EXTRACTED ENTRIES below:

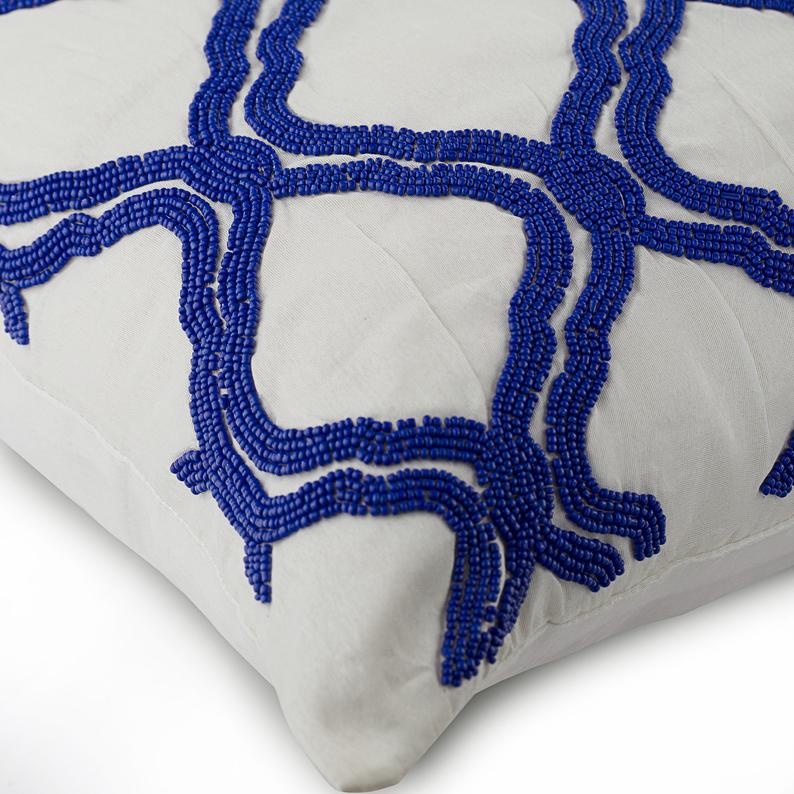 Lattice Blues Geometric Throw Pillow Cover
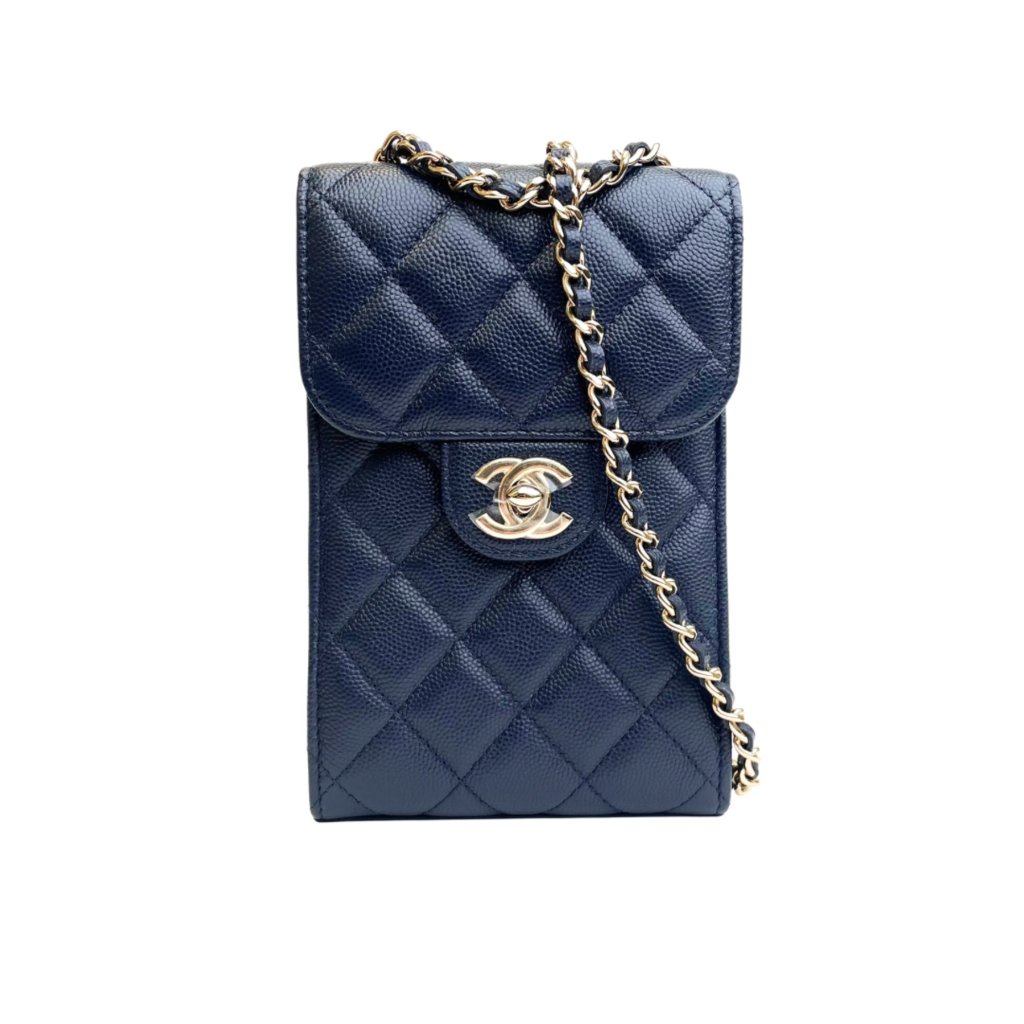 【ユニセックス◎】CHANEL スマホポーチ ブラック Black Chanel CC Quilted Lambskin Phone Holder with Chain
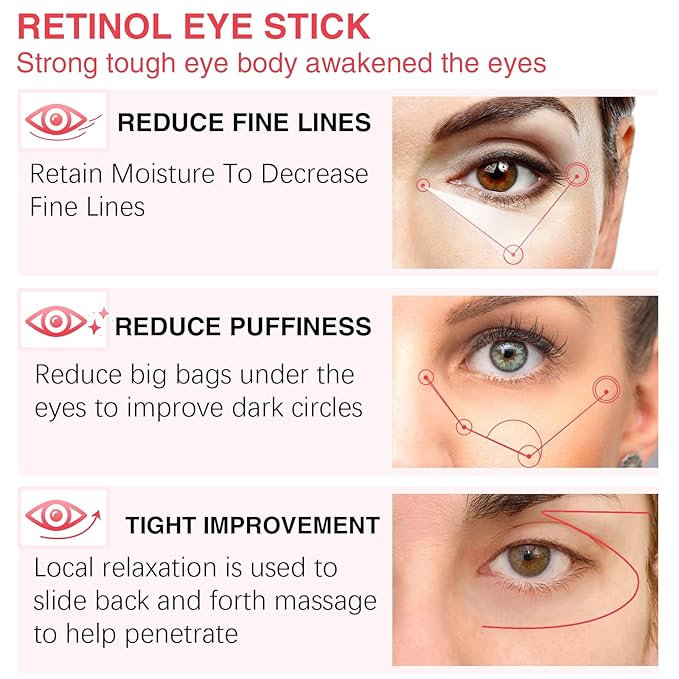 Retinol Eye Stick, Retinol Eye Cream for Dark Circles and Puffiness, Under Eye Cream Anti Aging, Eye Cream for Puffiness and Bags under Eyes, Brightening Eye Balm Reduces Fine Lines and Dark Circles-VivaGrace Women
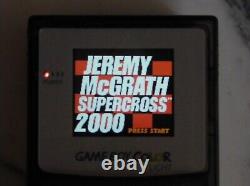 Écran LCD rétro-éclairé Gameboy Color New + Corps + Jerry McGraph Supercross allumé gbc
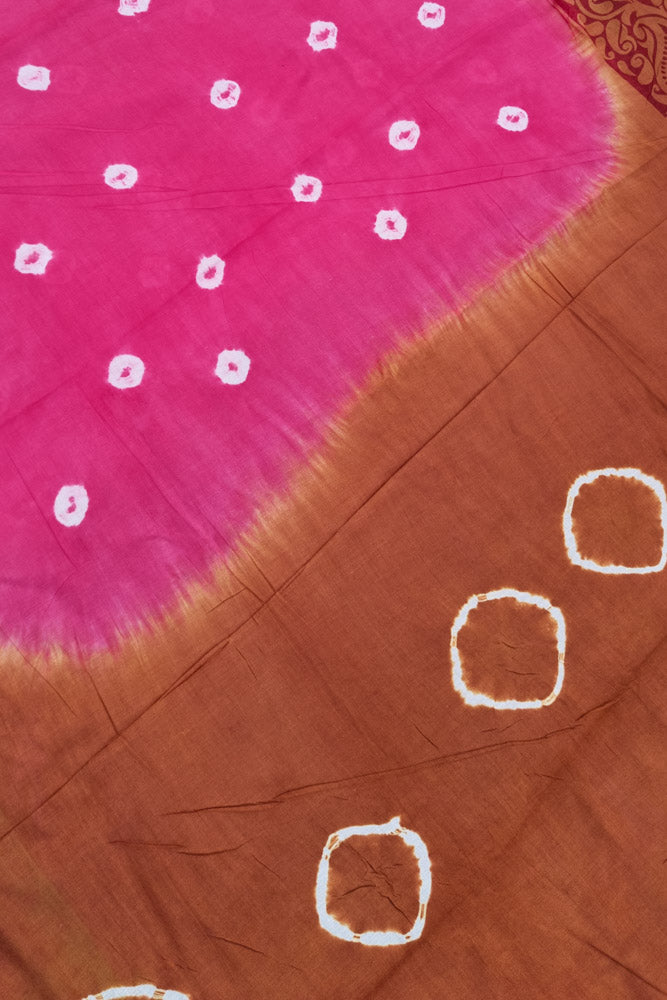 Voil Saree With Blouse - Pink/Brown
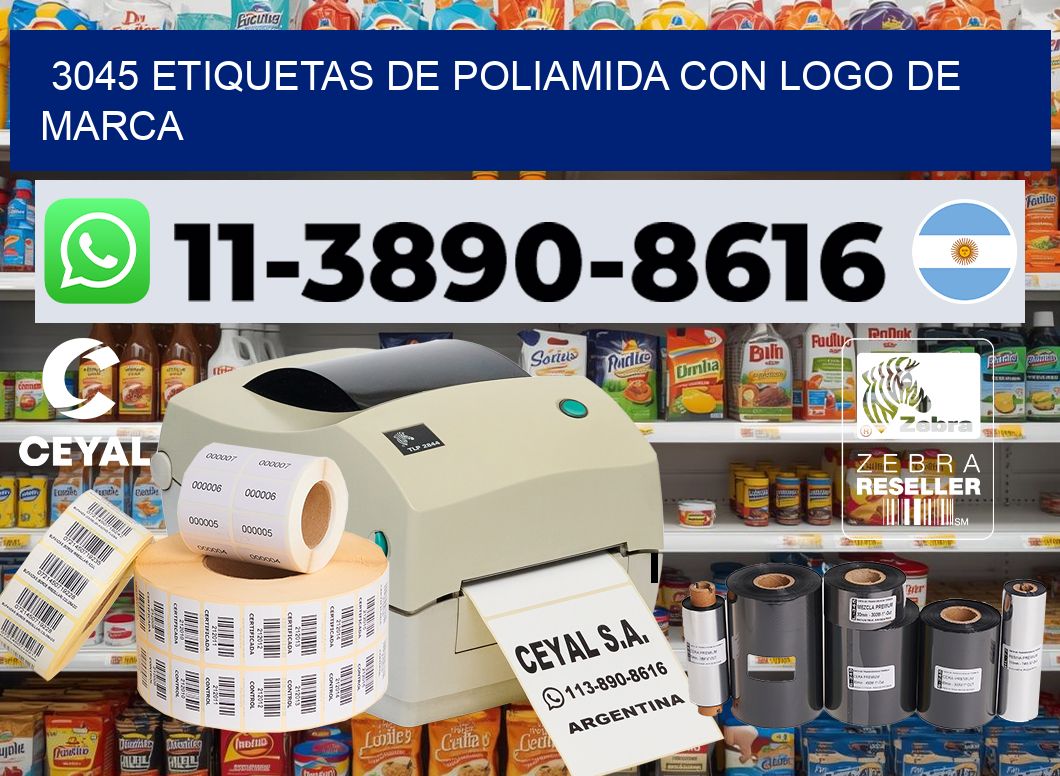 3045 Etiquetas de poliamida con logo de marca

End of EXTRACTED ENTRIES.

PROMPT -> Would you write out every record word for word, leaving no picture in?

RESPONSE FOR THIS EXERCISE ->
 Lattice Blues Geometric Throw Pillow Cover
 【ユニセックス◎】CHANEL スマホポーチ ブラック Black Chanel CC Quilted Lambskin Phone Holder with Chain
 Retinol Eye Stick, Retinol Eye Cream for Dark Circles and Puffiness, Under Eye Cream Anti Aging, Eye Cream for Puffiness and Bags under Eyes, Brightening Eye Balm Reduces Fine Lines and Dark Circles-VivaGrace Women
 Écran LCD rétro-éclairé Gameboy Color New + Corps + Jerry McGraph Supercross allumé gbc
 Voil Saree With Blouse - Pink/Brown
 3045 Etiquetas de poliamida con logo de marca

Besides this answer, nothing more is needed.